| Users | Messages/Day | Server Load | Database Load | Network | Notes |
|---|---|---|---|---|---|
| 100 | 1,000 | Single app server handles all | Single DB instance handles writes/reads | Low bandwidth, no CDN needed | Simple setup, no caching needed |
| 10,000 | 100,000 | Multiple app servers behind load balancer | DB starts to see high write/read load | Moderate bandwidth, consider caching | Introduce Redis cache for recent messages |
| 1,000,000 | 10,000,000 | Hundreds of app servers, autoscaling | DB bottleneck: read replicas, sharding needed | High bandwidth, CDN for media files | Use message queues for delivery, partition users |
| 100,000,000 | 1,000,000,000 | Thousands of app servers, geo-distributed | Multi-region DB clusters, advanced sharding | Very high bandwidth, global CDN | Strong consistency challenges, eventual consistency for some data |
One-to-one messaging in HLD - Scalability & System Analysis
At small scale, the database is the first bottleneck because it must handle all message writes and reads. As users grow, the DB CPU and disk I/O get saturated. This slows down message delivery and retrieval.
- Horizontal scaling: Add more app servers behind a load balancer to handle concurrent connections.
- Database read replicas: Offload read queries to replicas to reduce load on primary DB.
- Sharding: Split user data across multiple database instances by user ID to distribute load.
- Caching: Use Redis or Memcached to cache recent messages and user presence info.
- Message queues: Use queues like Kafka or RabbitMQ to decouple message ingestion and delivery.
- CDN: For media files (images, videos), use CDN to reduce bandwidth on origin servers.
- Geo-distribution: Deploy servers and databases closer to users to reduce latency.
Assuming 1 million users sending 10 messages/day each:
- Messages per second (QPS): ~115 (10M messages / 86400 seconds)
- Database writes: 115 QPS (each message is a write)
- Database reads: 230 QPS (assuming 2 reads per message for delivery and retrieval)
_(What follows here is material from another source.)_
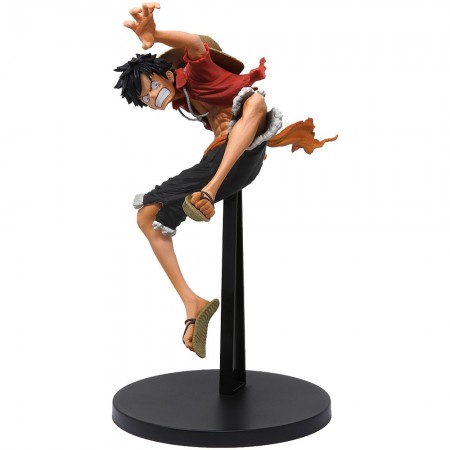 Esttua Banpresto King Of Artist One Piece Stampede - Monkey D. Luffy 29568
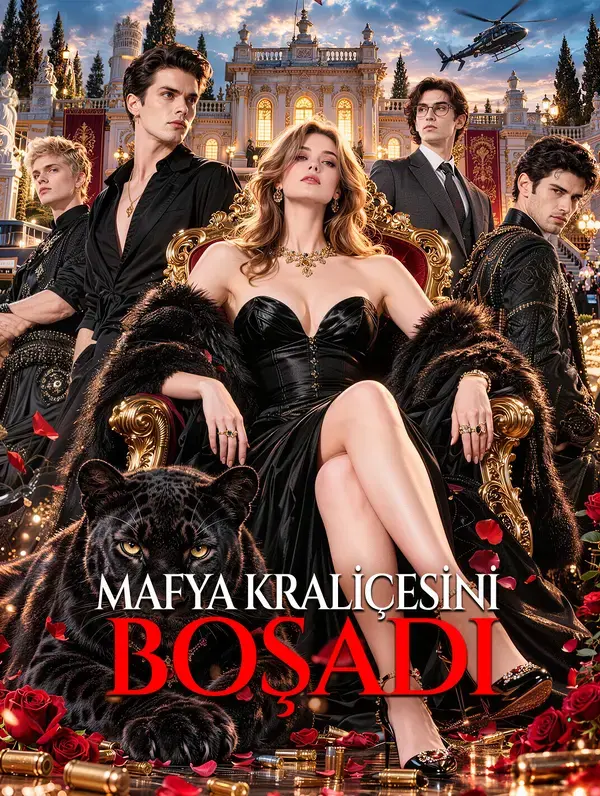 MAFYA KRALİÇESİNİ BOŞADI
- Storage: 10M messages/day * 1KB/message = ~10GB/day
- Network bandwidth: 10M messages/day * 1KB = ~120 KB/s peak
- One DB instance can handle ~5,000 QPS, so single DB can handle this load but with little room for growth.
Start by explaining the user scale and expected message volume. Identify the database as the first bottleneck. Discuss horizontal scaling of app servers, caching, and database read replicas. Then explain sharding and geo-distribution for large scale. Always justify why each solution fits the bottleneck.
Your database handles 1000 QPS. Traffic grows 10x to 10,000 QPS. What do you do first?
Answer: Add read replicas to offload read queries and reduce load on the primary database. Also consider caching frequently accessed data to reduce DB hits.